I seriously doubt that anyone has offered MORE salient iconographic precedents to support their interpretations of Tarot than I have. Ask around. I have included a number of links in this thread, but I will not repeat 12 years of posts here.
Phaeded wrote:The Virtues were writ large in the Florentine urban fabric...
But that is not the question.

What was writ large in Tarot?
Phaeded wrote:To reiterate what is the absolute basis for all interpretations - the surviving evidence: The earliest surviving deck features the 7 virtues
To reiterate the absolute basis for the use of evidence - cherry-picking is bad.
Phaeded wrote:(and I understand Ross and others will dispute World=Prudence…for now ;-)
And they will be correct.

Prudence was without doubt a card in Cary-Yale, yielding a total of 26 trumps, at a minimum -- the standard 22, including the World, plus four additional virtues adding to the noble decorum of this uniquely magnificent deck. As Brother John might phrase it: "This manner of distributing the cards and this number pleases me most, for three reasons: first, because of its greater authority; second, because of its royal fitness; and third, because of its more becoming courteousness."
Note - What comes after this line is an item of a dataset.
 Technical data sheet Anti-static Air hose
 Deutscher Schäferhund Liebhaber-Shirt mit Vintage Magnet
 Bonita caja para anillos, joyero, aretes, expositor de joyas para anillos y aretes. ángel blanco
Look at all the early decks, in context, rather than taking one of them out of context and spinning elaborate speculations about it. Those speculations add nothing to our understanding of either that particular deck nor any of the standard decks. Conversely, if you understand the iconographic reasons behind the 6/9/7 analysis, you will have the explanation for Dummett's finding about the three sections: variations, decade after decade in all locales, were restricted to moving cards within groups rather than between groups. If the three sections were not meaningfully distinct, that would be a most bizarre factual finding, but if you understand the meaning of the cycle, it makes perfect sense. Even the single exception to that rule, the placement of Justice between Resurrection and the World, makes perfect sense. It has been revisioned as Judgment, echoing the iconography of Michael in Apocalyptic art, rather than being merely one of the Moral Virtues.

I'll try to get something written up for Marco which repeats a few of the key points from the last 12 years.

Best regards,
Michael
We are either dwarfs standing on the shoulders of giants, or we are just dwarfs.